WORK REQUEST =
Reproduce every entry that follows word for word, but omit the images.

RECORDS TO USE =
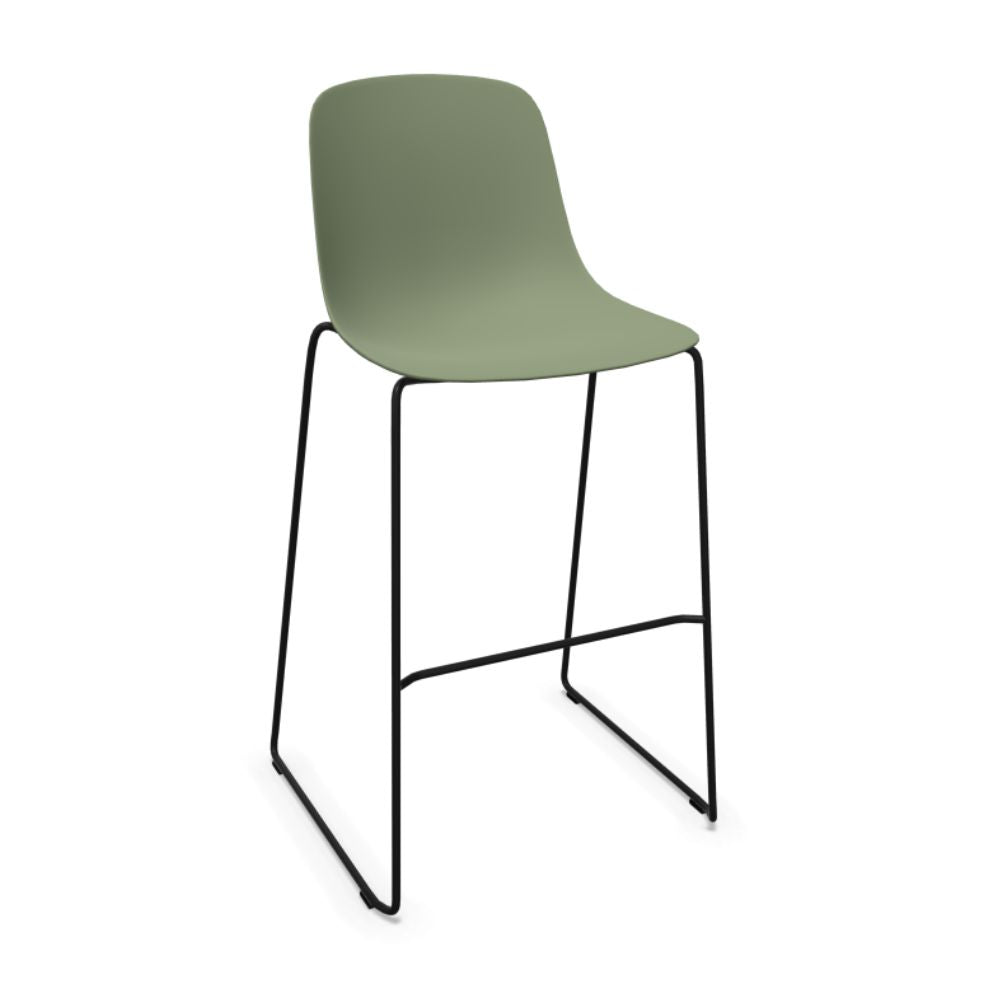 Banco INFINITI PURE LOOP MONO | Banco Bar | Trineo | Varios Colores | Carcasa Polipropileno | Interior Exterior - 113-5902H-VRD - Infiniti - NOGAL BEAT - Bancos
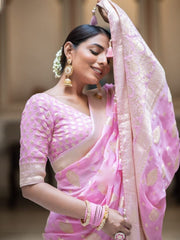 Alluring Baby Pink Color Soft Cotton Silk Saree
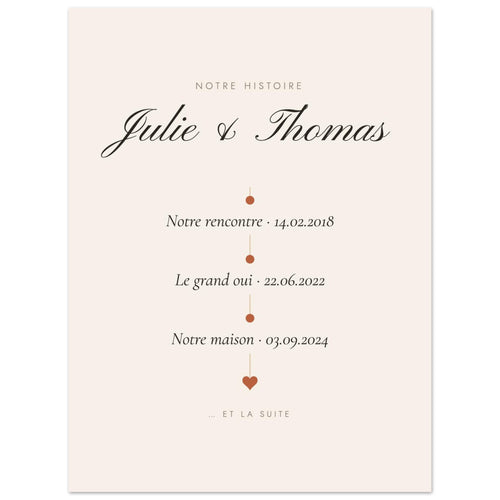 Affiche couple personnalisée Notre histoire, vue à plat avec des textes d’exemple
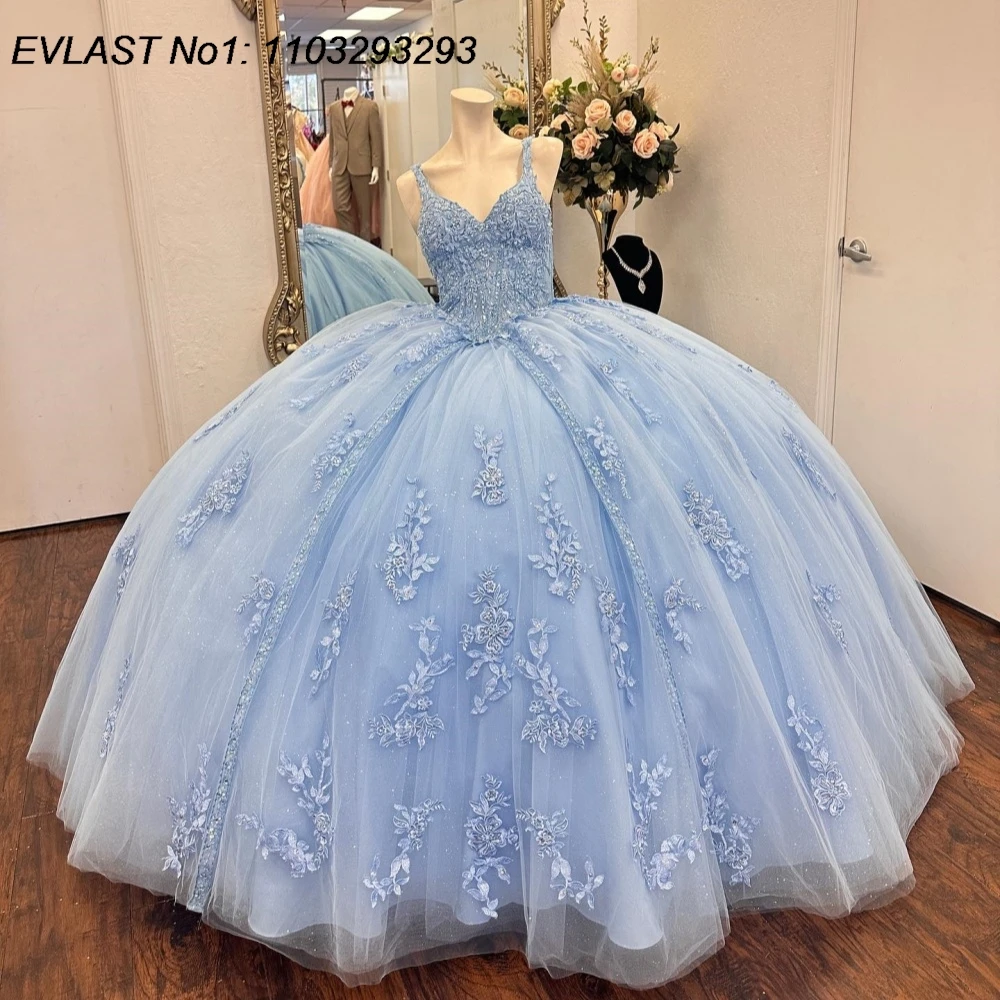 EVLAST индивидуальное блестящее небесно-голубое платье Quinceanera, бальное платье, кружевная аппликация, корсет с бисером, Sweet 16, Vestido De 15 Anos E1Q428
EVLAST индивидуальное блестящее небесно-голубое платье Quinceanera, бальное платье, кружевная аппликация, корсет с бисером, Sweet 16, Vestido De 15 Anos E1Q428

RESPONSE AREA =
 Banco INFINITI PURE LOOP MONO | Banco Bar | Trineo | Varios Colores | Carcasa Polipropileno | Interior Exterior - 113-5902H-VRD - Infiniti - NOGAL BEAT - Bancos
 Alluring Baby Pink Color Soft Cotton Silk Saree
 Affiche couple personnalisée Notre histoire, vue à plat avec des textes d’exemple
 EVLAST индивидуальное блестящее небесно-голубое платье Quinceanera, бальное платье, кружевная аппликация, корсет с бисером, Sweet 16, Vestido De 15 Anos E1Q428
EVLAST индивидуальное блестящее небесно-голубое платье Quinceanera, бальное платье, кружевная аппликация, корсет с бисером, Sweet 16, Vestido De 15 Anos E1Q428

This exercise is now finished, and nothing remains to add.